Welcoming the departed

Author: Pat Klepper '77

If you had an 8 a.m. class in the 1973 academic year, my freshman year, and if you lived in North Quad, you knew who was in women’s rowing. As you walked to or from North Dining Hall for breakfast, you would see them returning from their early morning workout, wearily happy and charged with the vitality that comes with fresh air, water and exercise. Women’s Rowing: My first iconic image of women’s athletics at Notre Dame.

I didn’t hang out with them or talk with them much, but I knew who they were. Many of them lived in my dorm, BP, which of course brought any kind of chance encounter in day-to-day living. “Crew team” is redundant, they would tell me. It’s just “crew.”

Fast-forward through that monumental First Year of Studies, and it’s now graduation week and many students have gone home for the year. The campus has seemingly blossomed just for the parents of the graduating seniors. (“What do you mean, the weather is lousy? It’s beautiful here!”) There is a lightness and happiness in the air. After a slow-starting spring, campus has finally shaken off winter and the pressure of books and studies. It is now a time of celebration for the promise of futures unfolding.

I was there as a member of the choir that sang at Baccalaureate Mass. The joy was palpable even through the formality and splendor of the opening procession. Then the announcement by one of the priests: Traffic Accident. Women’s Rowing. Injuries. Two Dead. And the names: Boni Burton and Elizabeth Storey. The Mass was being offered in their memory and for the injured.

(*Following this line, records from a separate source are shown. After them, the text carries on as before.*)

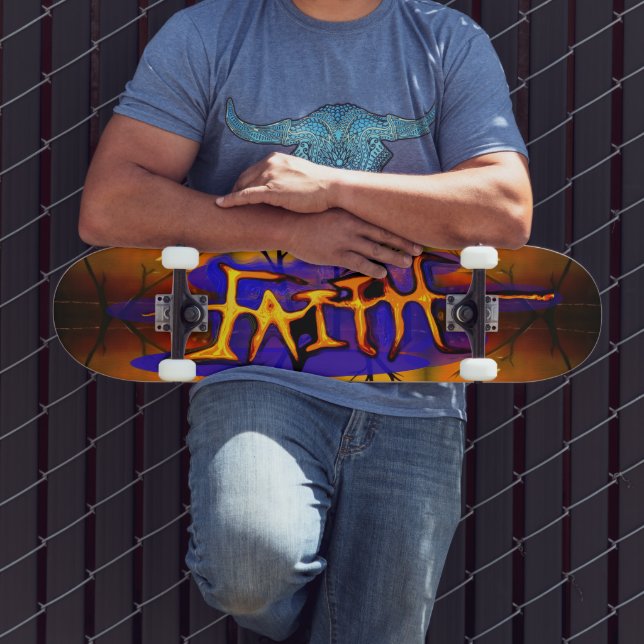 Faith Skateboard (Outdoor 3)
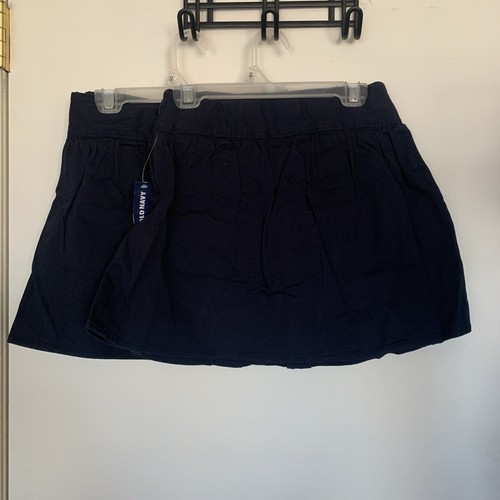Lot of 2 Old Navy Girls Navy Blue Uniform Pleated Skirt Sz. S (6-7) - Picture 2 of 3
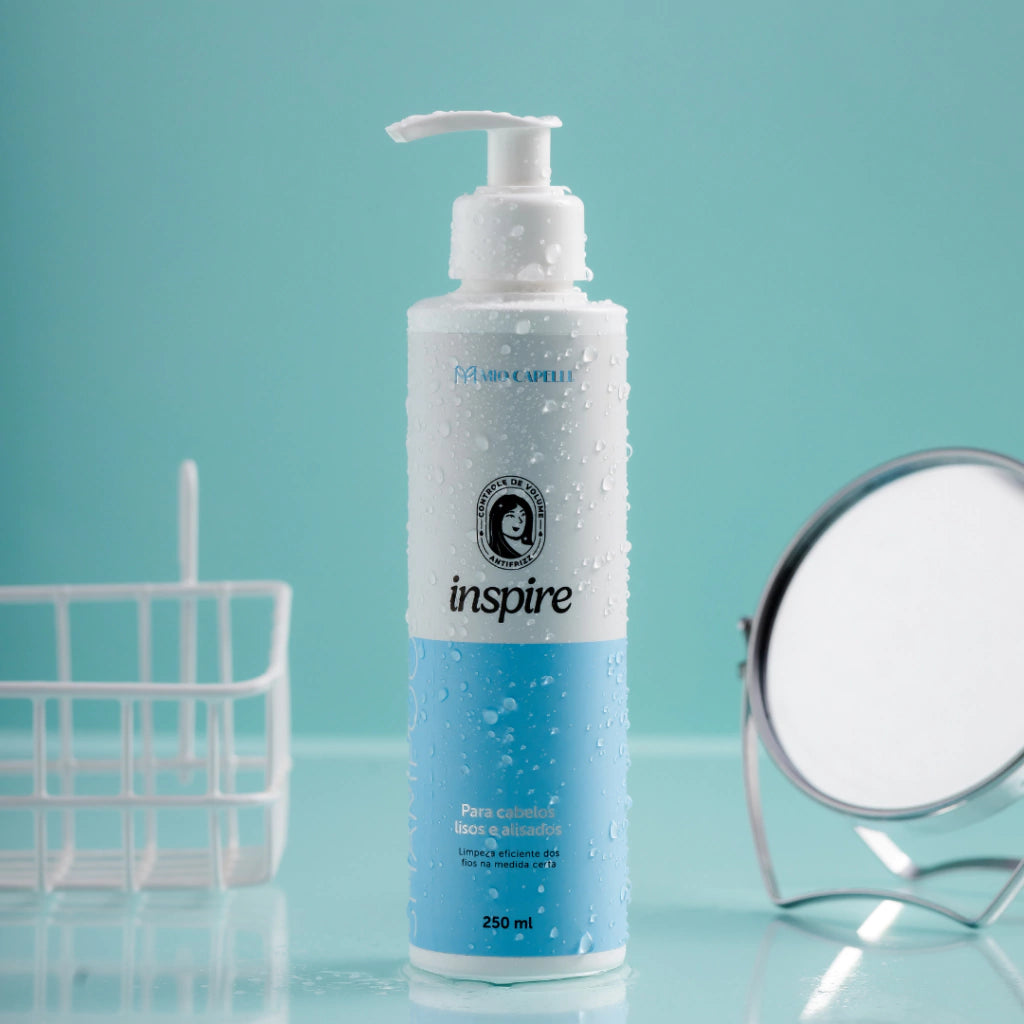 Kit Inspire Básico - Tratamento Pós Progressiva (Shampoo + condicionador)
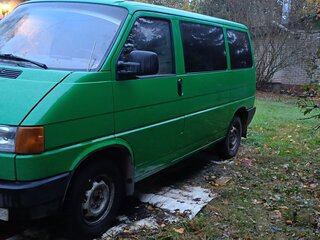 1993 Volkswagen Transporter T4, зелёный, 350000 рублей, вид 2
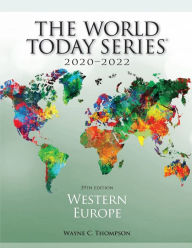 Title: Western Europe 2020-2022, Author: Wayne C. Thompson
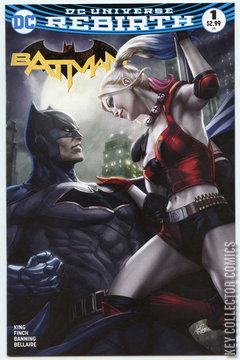 Variant Cover for Batman #1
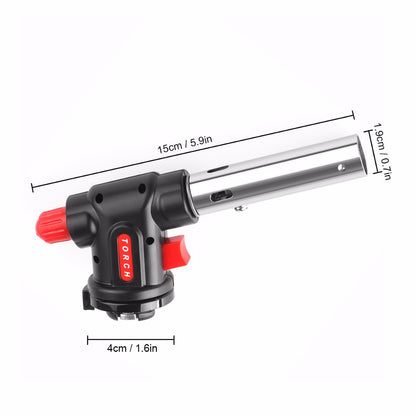 Gas Cassette Fire Gun for Outdoor BBQ and Picnics by Endo33 Markets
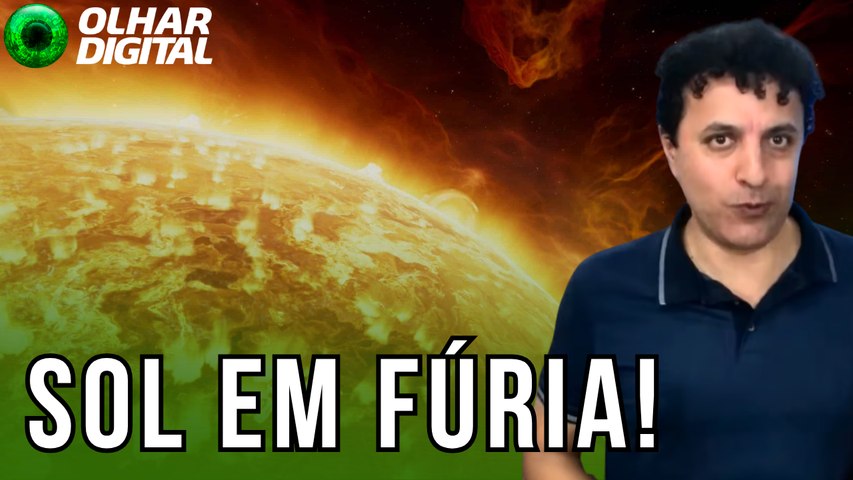 A tempestade solar mais perigosa da história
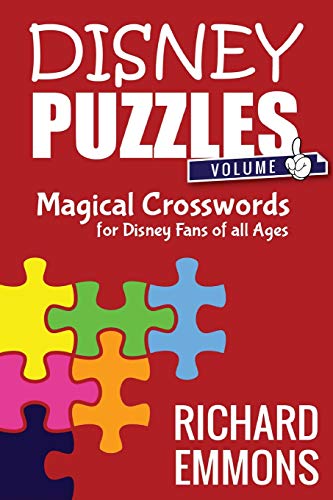 Disney Puzzles (Volume One): Magical Crosswords for Disney Fans of All Ages: 1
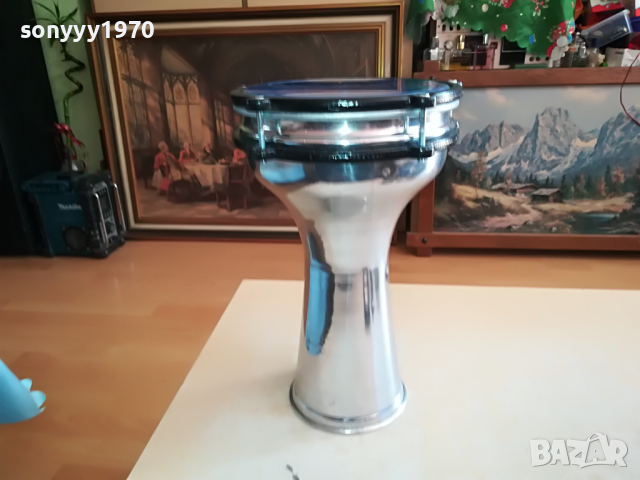 ГОЛЯМА ТАРАМБУКА-ИНОКС 40Х25СМ 1304221015, снимка 3 - Ударни инструменти - 36440928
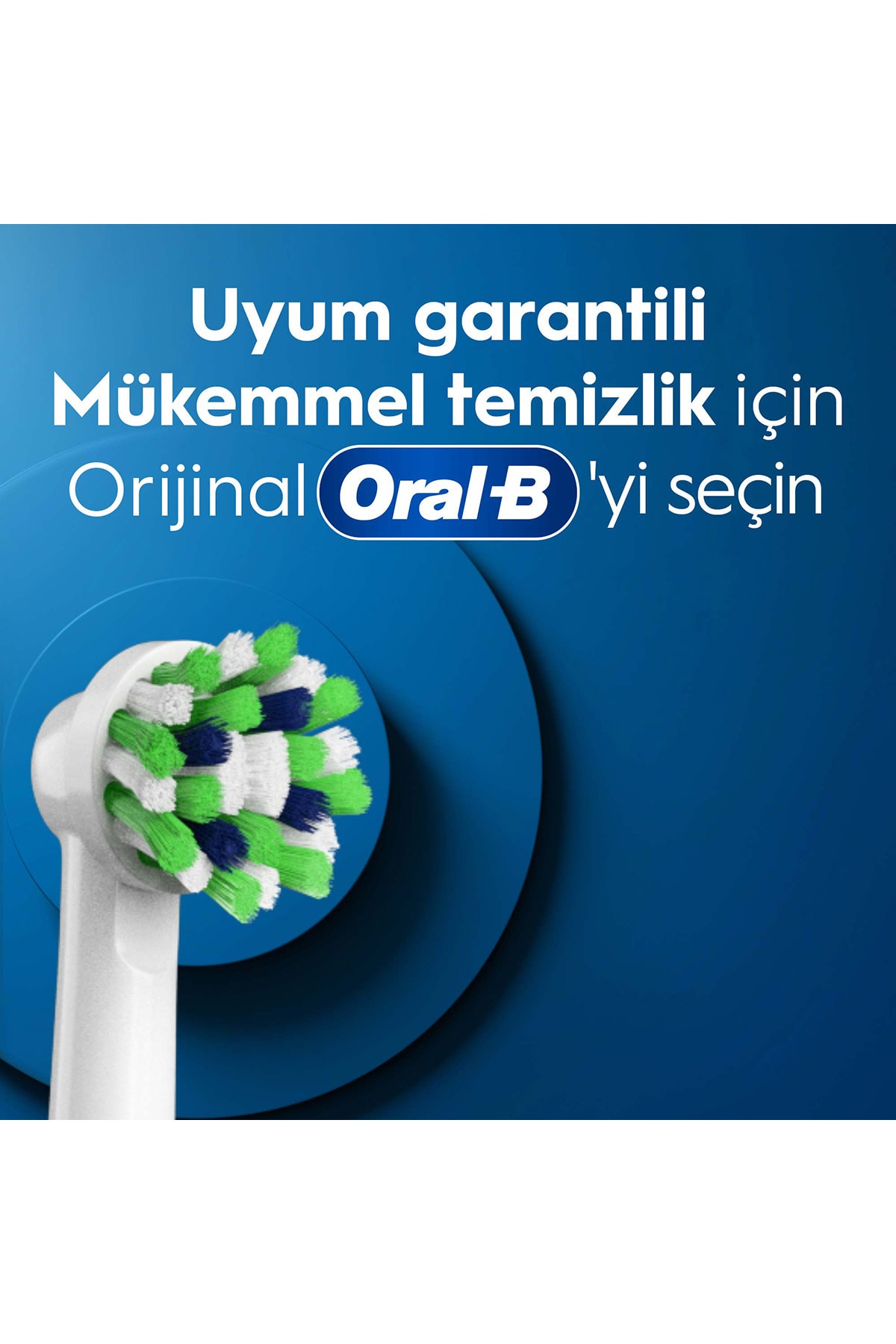 Oral-B Diş Fırçası Yedek Başlığı Clean Maximiser 3-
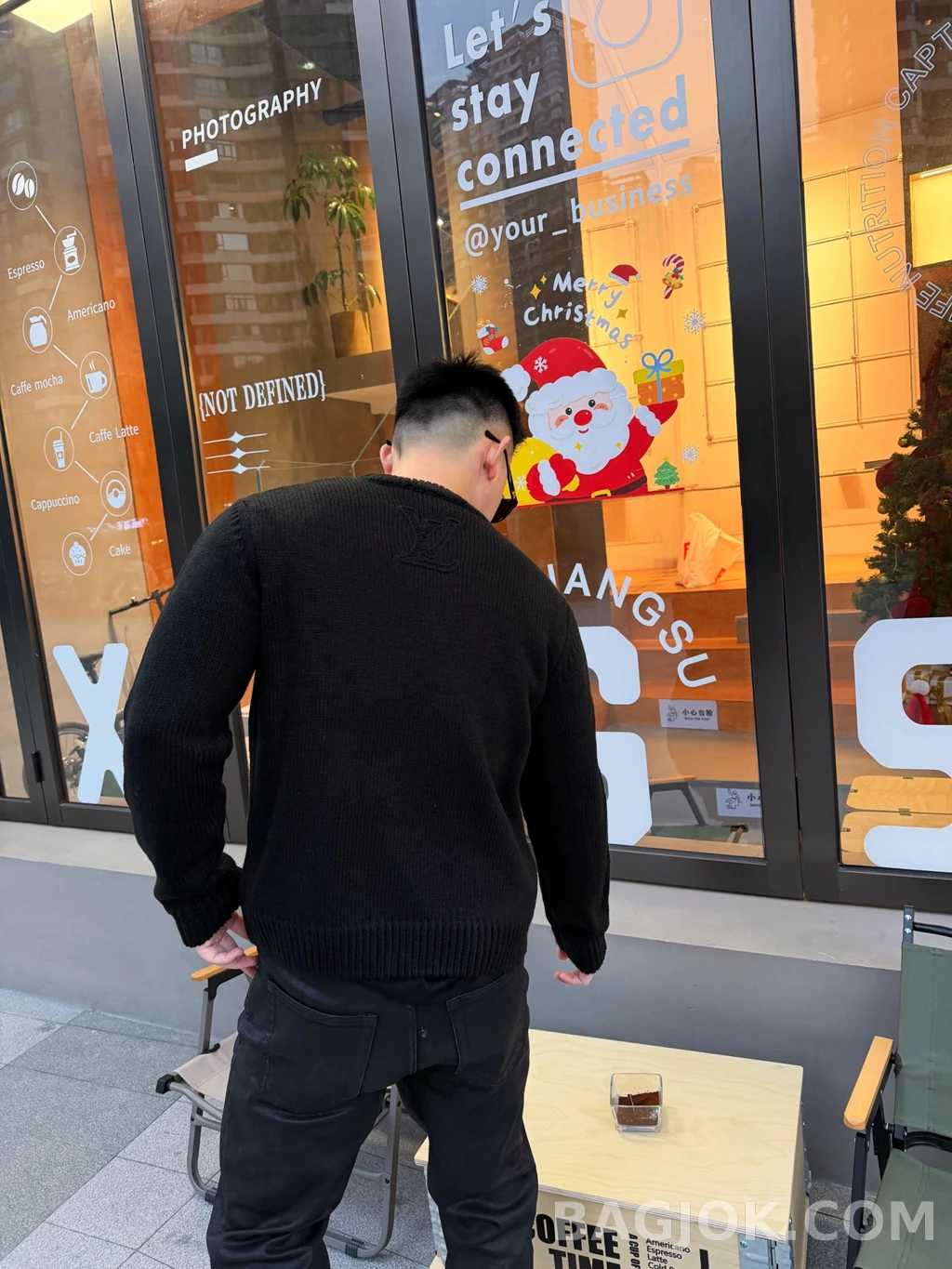 루이비통 루이비통 크로셰 니트 상세 이미지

Did the earth jolt along its axis, or was it just me? Gasps of shock, muffled cries, some people reaching out to others. I didn’t sense that many of the seniors knew who they were, but at that moment, I imagined that the heart of every parent reached out simultaneously to those involved in the accident as well as to their own children, sitting safely in chairs on the floor of the ACC. Struck by the fragility of life, we were all united in prayer to the God of Love who, like the waves lapping against shore’s edge, both gives and takes back.

The Breen-Phillips memorial was held the following fall after students had returned to campus. I had transferred to Lyons Hall and did not hear of the memorial service until after it was over. But the memory lingered, and the years passed, and by some happy chance I became class secretary in 2000. I noticed, in preparing for our class Mass for the 2002 Reunion that Boni’s name was not on the list of deceased. This was because she had not graduated with the class, I learned from the Alumni Association. The Alumni Association and I then worked together to add her to the class so that she would be included when we prayed for our deceased. I’m not sure how it happened, but we also got Beth Storey, who would have graduated before us. We welcomed her, for we knew of her and thought it altogether fitting to remember and pray for her too.

As a footnote, it should be mentioned that the 2002 Reunion, our 25th anniversary of graduation, was the first Reunion that Jody Gormley attended. I can’t say what the reluctance was before that time, but she’s not alone in that regard (it was my first Reunion also). At that Reunion, Jody was warmly received. I told her of the South Bend Tribune article, which I had obtained through ND Archives and which I later provided to her, to aid in her quest to have Boni and Beth recognized.